Responses are by Tim Toohey from Ellerston Capital, Nick Bishop from Aberdeen Standard Investments, and Sam Ferraro from Evidente.
The two ‘policy levers’ that drive asset prices
Nick Bishop, Head of Australian Fixed Income, Aberdeen Standard Investments
Investors can use economic analysis in two ways. Firstly, by analysing the performance of macroeconomic data such as GDP growth, inflation and employment, an investor can form a fundamental view of a given target economy. Understanding these fundamentals at a macro level underpins the view on the outlook for monetary and fiscal policy.
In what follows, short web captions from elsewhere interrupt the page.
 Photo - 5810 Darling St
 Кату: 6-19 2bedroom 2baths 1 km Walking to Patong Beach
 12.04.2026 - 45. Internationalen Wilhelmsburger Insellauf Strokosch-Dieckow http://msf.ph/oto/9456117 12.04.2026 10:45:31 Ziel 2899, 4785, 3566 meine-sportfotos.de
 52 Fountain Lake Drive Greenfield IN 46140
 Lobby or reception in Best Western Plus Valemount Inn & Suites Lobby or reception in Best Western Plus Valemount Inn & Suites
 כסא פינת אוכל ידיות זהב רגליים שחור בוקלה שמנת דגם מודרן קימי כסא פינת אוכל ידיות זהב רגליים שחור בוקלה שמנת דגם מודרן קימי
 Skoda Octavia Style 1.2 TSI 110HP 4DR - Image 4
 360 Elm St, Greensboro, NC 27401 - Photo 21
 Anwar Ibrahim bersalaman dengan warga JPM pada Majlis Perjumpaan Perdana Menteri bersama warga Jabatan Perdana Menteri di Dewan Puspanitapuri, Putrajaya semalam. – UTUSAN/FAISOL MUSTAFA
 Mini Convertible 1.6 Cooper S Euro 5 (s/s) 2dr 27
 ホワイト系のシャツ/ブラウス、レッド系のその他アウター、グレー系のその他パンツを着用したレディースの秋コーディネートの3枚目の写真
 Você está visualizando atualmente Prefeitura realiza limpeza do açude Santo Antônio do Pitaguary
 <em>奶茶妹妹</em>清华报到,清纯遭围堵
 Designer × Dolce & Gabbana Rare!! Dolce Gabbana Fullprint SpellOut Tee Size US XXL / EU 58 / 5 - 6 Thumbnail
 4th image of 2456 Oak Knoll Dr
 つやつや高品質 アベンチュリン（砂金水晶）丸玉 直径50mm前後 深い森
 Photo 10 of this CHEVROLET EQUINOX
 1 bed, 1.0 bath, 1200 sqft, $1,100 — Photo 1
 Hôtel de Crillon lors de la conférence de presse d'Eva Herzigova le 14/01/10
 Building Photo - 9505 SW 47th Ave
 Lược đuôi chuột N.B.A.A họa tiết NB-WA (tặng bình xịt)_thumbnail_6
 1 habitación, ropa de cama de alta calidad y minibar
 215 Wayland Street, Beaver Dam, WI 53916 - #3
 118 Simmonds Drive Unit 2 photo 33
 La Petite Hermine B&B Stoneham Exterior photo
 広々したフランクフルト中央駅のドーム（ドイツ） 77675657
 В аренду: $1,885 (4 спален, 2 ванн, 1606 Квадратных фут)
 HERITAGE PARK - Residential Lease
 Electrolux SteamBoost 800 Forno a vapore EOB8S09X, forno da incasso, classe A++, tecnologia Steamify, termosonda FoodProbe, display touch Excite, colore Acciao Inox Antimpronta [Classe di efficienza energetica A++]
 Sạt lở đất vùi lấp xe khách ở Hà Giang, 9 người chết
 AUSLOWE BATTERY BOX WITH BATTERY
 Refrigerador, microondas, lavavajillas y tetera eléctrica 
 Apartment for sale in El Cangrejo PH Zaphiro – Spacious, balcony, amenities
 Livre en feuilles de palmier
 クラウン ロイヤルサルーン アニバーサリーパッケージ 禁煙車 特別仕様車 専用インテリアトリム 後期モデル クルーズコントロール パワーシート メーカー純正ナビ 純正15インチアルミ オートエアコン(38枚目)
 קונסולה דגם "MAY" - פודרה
These two “policy levers” – official cash rates and government spending preferences – have great potential impacts on bond yields, currency levels and risk assets such as equities.
Secondly, statistical analysis of economic data is useful in finding leading (i.e. predictive) relationships between economic and financial data that can help with the asset allocation process, as well as informing positioning within asset classes. We believe markets ultimately reflect fundamentals, so the starting point must be economic analysis.
How top-down can complement bottom-up
Sam Ferraro, Director, Evidente
Most equity portfolio managers in Australia brand themselves as being bottom-up, with a focus on financial accounts, industry structure dynamics, quality of senior management, as well as environmental, social and governance (ESG) risks and how companies are responding to those risks.
The business cycle and related top-down factors outside of the control of corporate insiders – including shifts in the regulatory environment – can have an important influence on company profitability and expected stock returns, particularly for the banks, REITs and mining firms. Top-down factors ought to represent an important input into portfolio construction decisions, particularly around the size of sector bets across these industries.
Awareness of the cycle is essential
Tim Toohey, Economist, Ellerston Capital
There are some individual investment strategies that can function independent of incorporating economic analysis but for anyone charged with the responsibility of managing the strategic and tactical choices between alternative assets then economic analysis is the foundation stone from which most decisions are made. For those of us involved in discretionary macro trading detailed economic analysis is the lifeblood of the strategy.
This is not to say that everyone needs to be following the minutia of the economic dataflow and the vagaries of shifting economic theories. Nevertheless, a keen awareness of where we are in the economic cycle and which asset classes are best placed to perform at that stage of the cycle are essential to investment performance. We believe most of the alpha is captured in the investment process by identifying the turning points in the economic cycle and altering the portfolio strategy appropriately.